What you are asked to do: Reproduce word for word the lines between those holding "Offene Garderobe mit" and "Appraisal: PERIDOT AND", inclusive, and nothing else from the data below.
[Start of Attachment]
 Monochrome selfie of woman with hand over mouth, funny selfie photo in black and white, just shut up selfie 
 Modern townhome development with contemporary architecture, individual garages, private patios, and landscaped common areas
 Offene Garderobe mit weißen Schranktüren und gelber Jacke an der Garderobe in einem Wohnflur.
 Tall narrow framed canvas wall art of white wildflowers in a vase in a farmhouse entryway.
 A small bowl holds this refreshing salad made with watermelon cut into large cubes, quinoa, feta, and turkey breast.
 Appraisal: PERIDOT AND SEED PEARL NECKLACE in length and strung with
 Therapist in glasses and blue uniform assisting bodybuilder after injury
[End of Attachment]
[Start of Attachment]
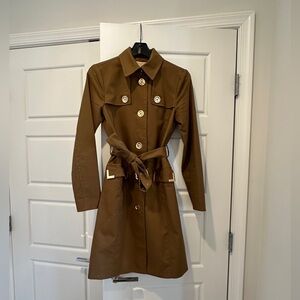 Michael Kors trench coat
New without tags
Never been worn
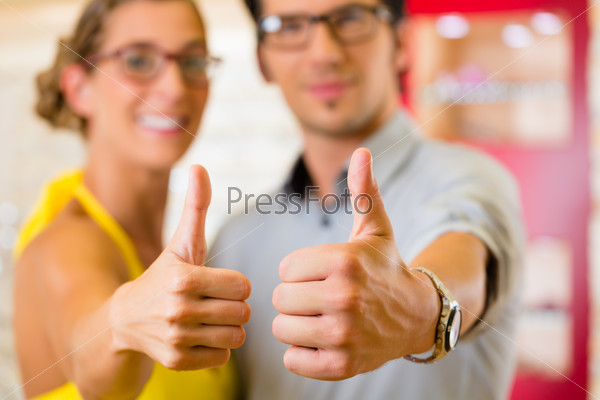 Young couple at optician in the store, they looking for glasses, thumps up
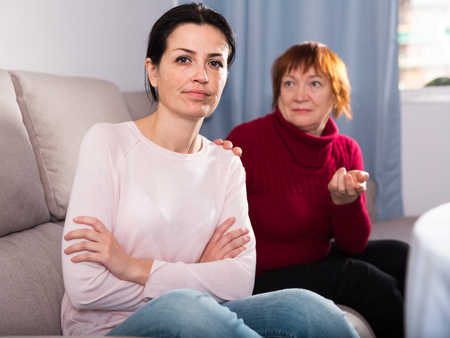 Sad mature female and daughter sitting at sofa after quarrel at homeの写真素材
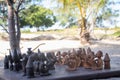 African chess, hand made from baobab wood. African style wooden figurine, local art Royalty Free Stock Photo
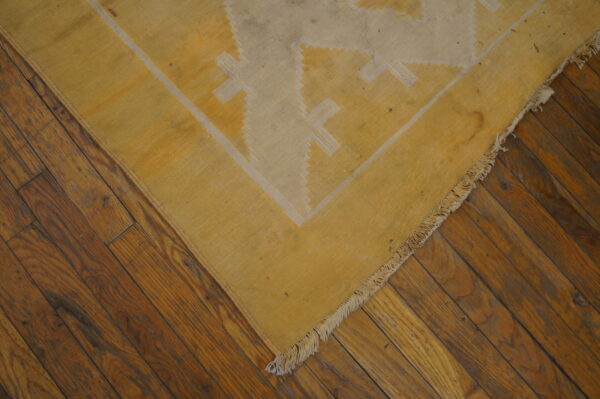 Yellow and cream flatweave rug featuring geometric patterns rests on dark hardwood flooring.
[End of Attachment]
Result of the task:
 Offene Garderobe mit weißen Schranktüren und gelber Jacke an der Garderobe in einem Wohnflur.
 Tall narrow framed canvas wall art of white wildflowers in a vase in a farmhouse entryway.
 A small bowl holds this refreshing salad made with watermelon cut into large cubes, quinoa, feta, and turkey breast.
 Appraisal: PERIDOT AND SEED PEARL NECKLACE in length and strung with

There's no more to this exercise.